Spotting Malicious Prompts Before They Hit Your LLM

Malicious prompts can turn your AI against you. Cerberius classifies user input in real-time, assigning a risk score using multiple models, context sources, and a custom algorithms.

Large language models (LLMs) don't need to be hacked in the traditional sense. Instead, they can be manipulated — with cleverly crafted inputs that change their behavior, leak sensitive instructions, or generate harmful content.

This is the essence of prompt injection — a growing threat to AI-powered applications. Whether you're building a chatbot, support agent, or search assistant, your app is only as safe as the input it accepts.

That's why we built the Cerberius Prompt Classification API: a fast, real-time service that evaluates every prompt before it hits your model. It doesn't just run keyword filters — it combines multiple large models, real-world prompt patterns, and a custom algorithms as well as the scoring engine to determine whether input is safe, risky, or clearly malicious.

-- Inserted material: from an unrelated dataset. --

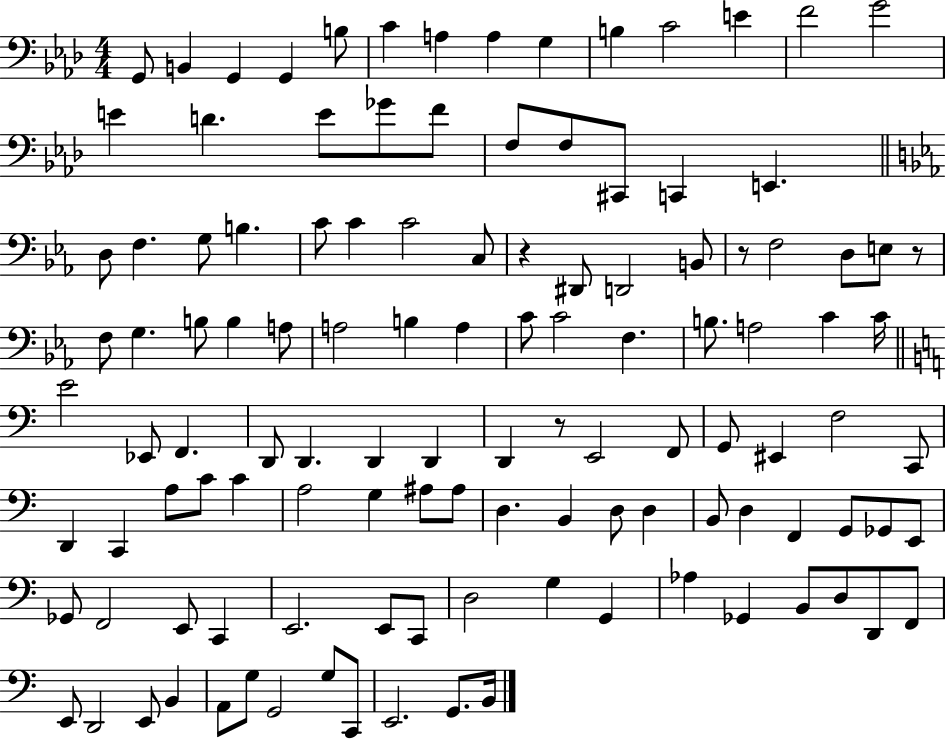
G2/e B2/q G2/q G2/q B3/e C4/q A3/q A3/q G3/q B3/q C4/h E4/q F4/h G4/h E4/q D4/q. E4/e Gb4/e F4/e F3/e F3/e C#2/e C2/q E2/q. D3/e F3/q. G3/e B3/q. C4/e C4/q C4/h C3/e R/q D#2/e D2/h B2/e R/e F3/h D3/e E3/e R/e F3/e G3/q. B3/e B3/q A3/e A3/h B3/q A3/q C4/e C4/h F3/q. B3/e. A3/h C4/q C4/s E4/h Eb2/e F2/q. D2/e D2/q. D2/q D2/q D2/q R/e E2/h F2/e G2/e EIS2/q F3/h C2/e D2/q C2/q A3/e C4/e C4/q A3/h G3/q A#3/e A#3/e D3/q. B2/q D3/e D3/q B2/e D3/q F2/q G2/e Gb2/e E2/e Gb2/e F2/h E2/e C2/q E2/h. E2/e C2/e D3/h G3/q G2/q Ab3/q Gb2/q B2/e D3/e D2/e F2/e E2/e D2/h E2/e B2/q A2/e G3/e G2/h G3/e C2/e E2/h. G2/e. B2/s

The Problem: Trusting Untrusted Input

LLMs are designed to respond helpfully — even when asked to ignore their own instructions. Attackers exploit this behavior with prompt techniques like:

  • Injecting override commands (“Ignore previous instructions and...”)
  • Tricking the model into roleplay, fake scenarios, or simulation loops
  • Escaping formatting to break structured parsing or control flow

Without proper filtering, even harmless-looking input can become a vector for jailbreaks, misinformation, or reputational damage.

The Cerberius Approach

Rather than rely on one model or one rule set, our system performs a layered evaluation:

  • Multiple Model Checks: We use multiple layers of machine learning approaches to assess intent, tone, and adversarial risk.
  • Contextual Metadata: Signals like token entropy, instruction density, and known malicious structures are evaluated.
  • Custom Scoring Engine: Our internal algorithms weighs each model's judgment, normalizes confidence, and outputs a clean risk_score.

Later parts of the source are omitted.